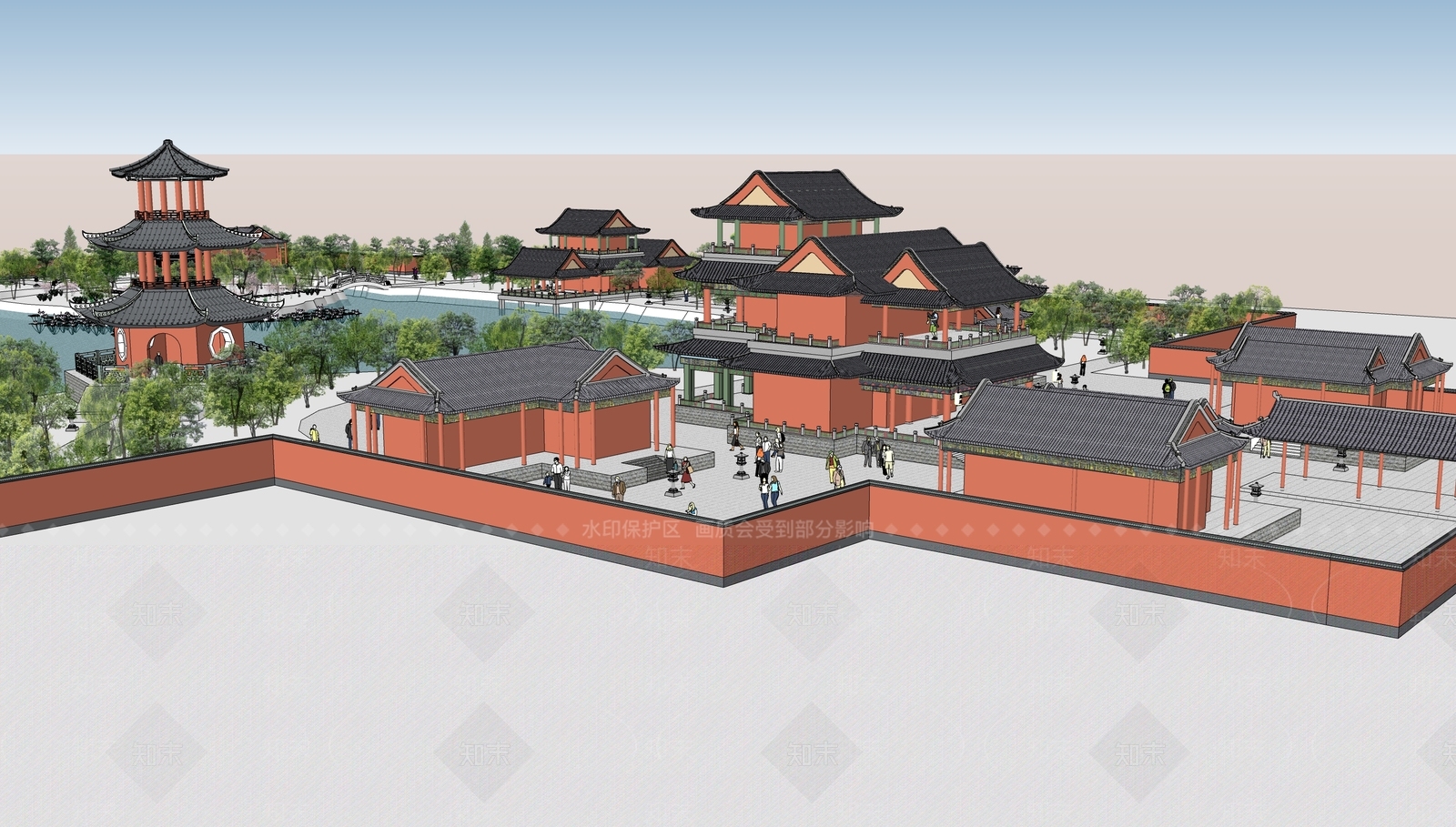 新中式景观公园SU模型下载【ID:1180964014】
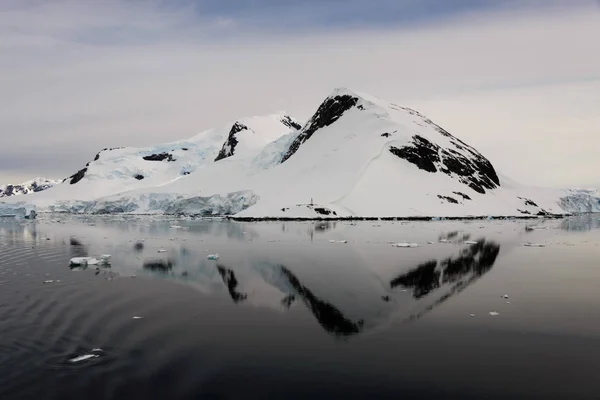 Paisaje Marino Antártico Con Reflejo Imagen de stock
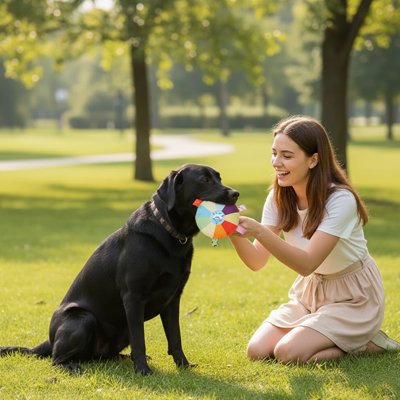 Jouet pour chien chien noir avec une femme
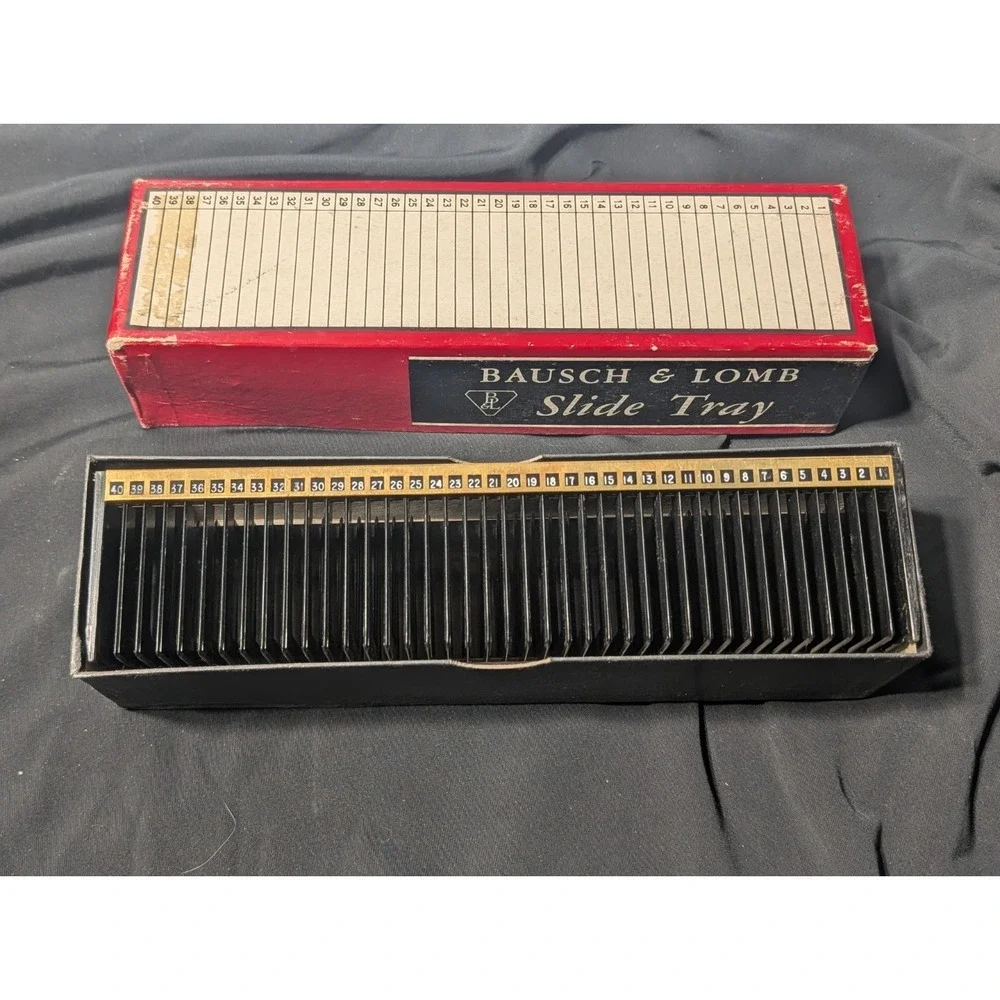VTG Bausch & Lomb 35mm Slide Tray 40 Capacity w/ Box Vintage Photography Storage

+-------+

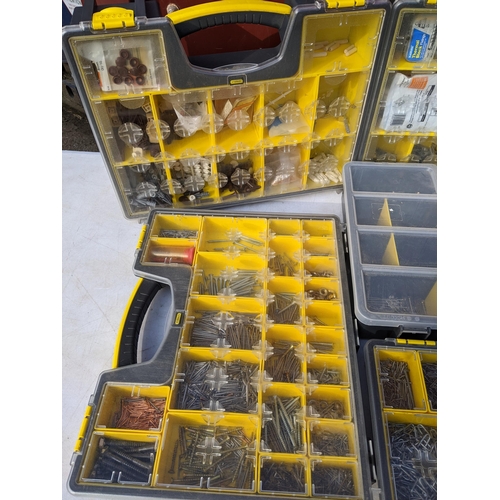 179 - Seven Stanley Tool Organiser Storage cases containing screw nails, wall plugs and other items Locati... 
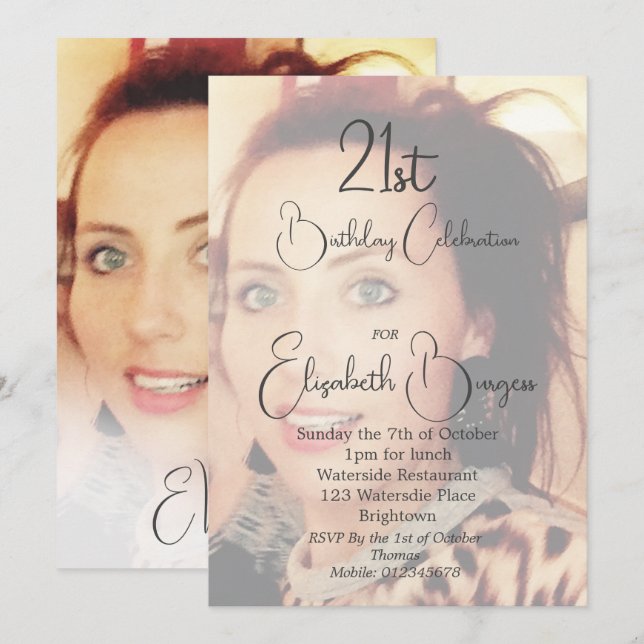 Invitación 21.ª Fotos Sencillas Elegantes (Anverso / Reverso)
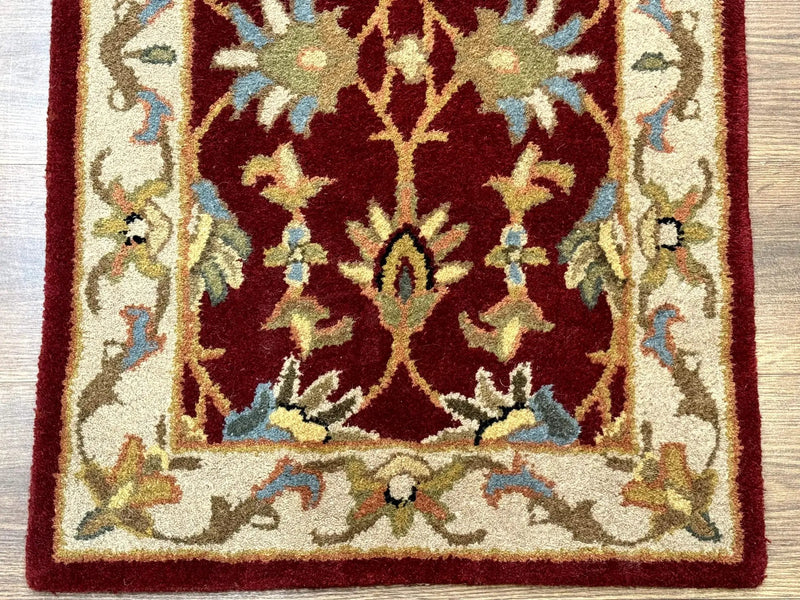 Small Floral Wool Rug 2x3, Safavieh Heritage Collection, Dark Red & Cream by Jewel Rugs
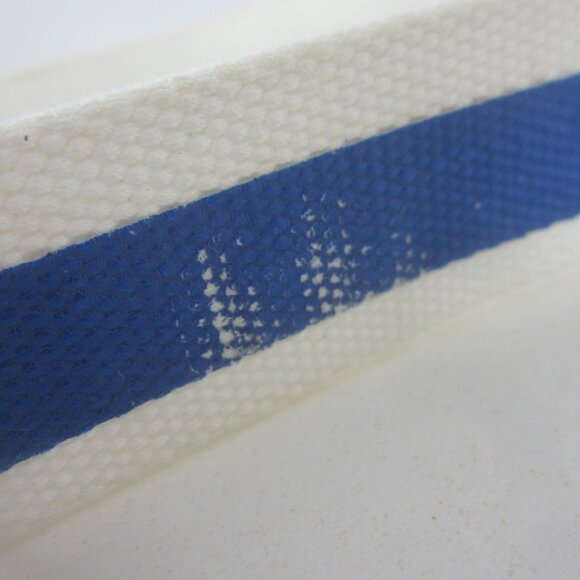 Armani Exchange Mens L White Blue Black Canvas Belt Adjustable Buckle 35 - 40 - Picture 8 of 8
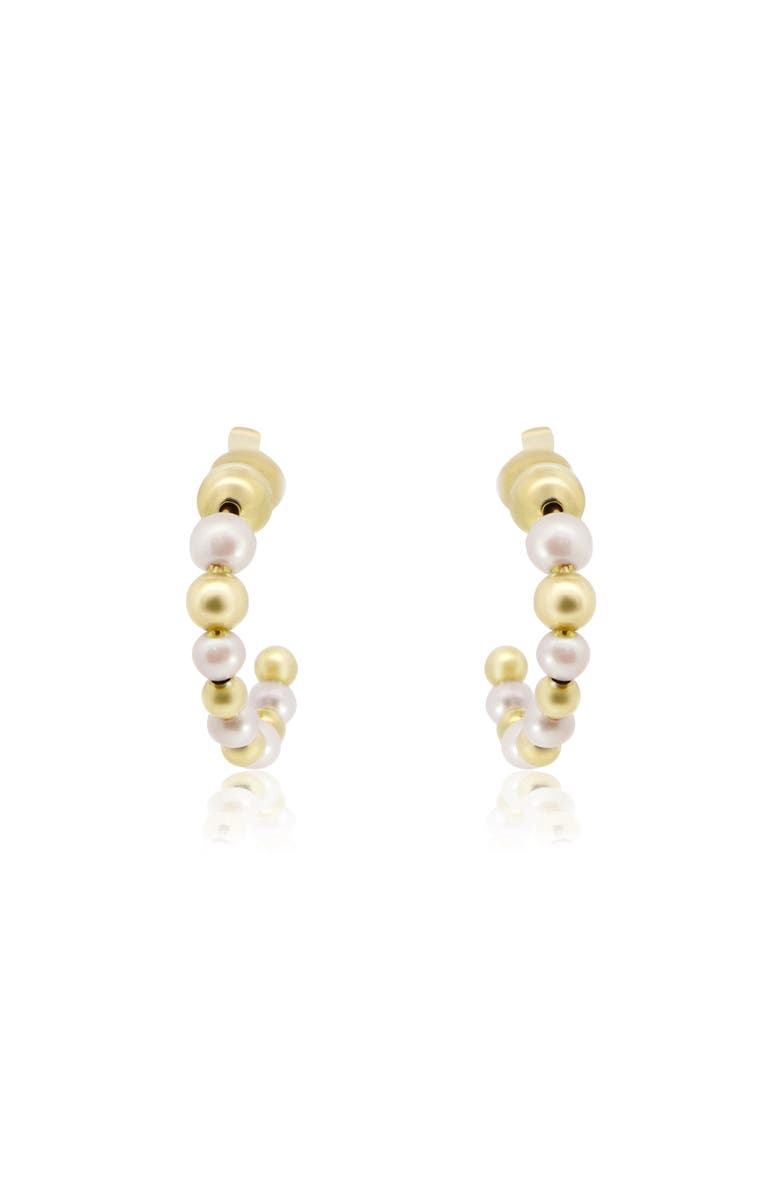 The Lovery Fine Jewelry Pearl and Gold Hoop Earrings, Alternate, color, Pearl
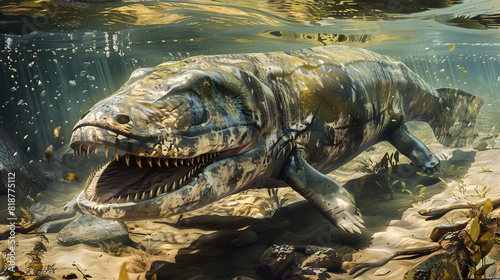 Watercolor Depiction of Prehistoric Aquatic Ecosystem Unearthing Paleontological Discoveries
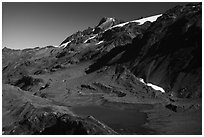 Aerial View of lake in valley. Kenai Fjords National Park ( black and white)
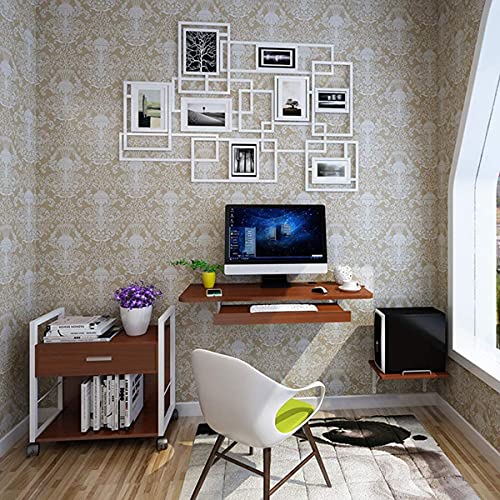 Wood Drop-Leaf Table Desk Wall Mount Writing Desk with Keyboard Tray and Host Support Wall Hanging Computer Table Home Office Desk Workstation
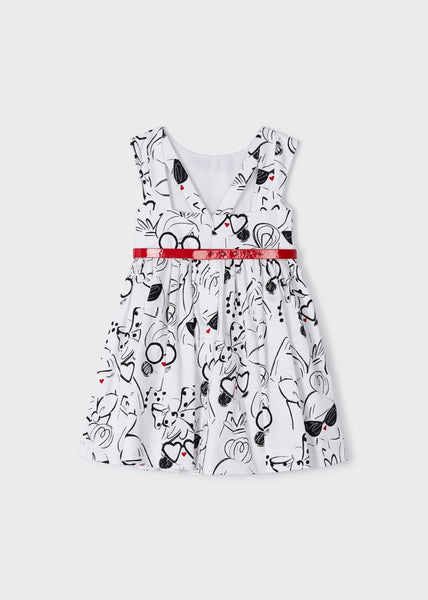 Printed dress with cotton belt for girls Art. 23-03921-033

+-------+

Your instructions: Only the lines above starting with the line with "Jouet pour chien chien noir avec une femme" and going on through the line with "VTG Bausch &" belong in the answer; repeat them exactly, minus any picture.

Finished exercise:
 Jouet pour chien chien noir avec une femme
VTG Bausch & Lomb 35mm Slide Tray 40 Capacity w/ Box Vintage Photography Storage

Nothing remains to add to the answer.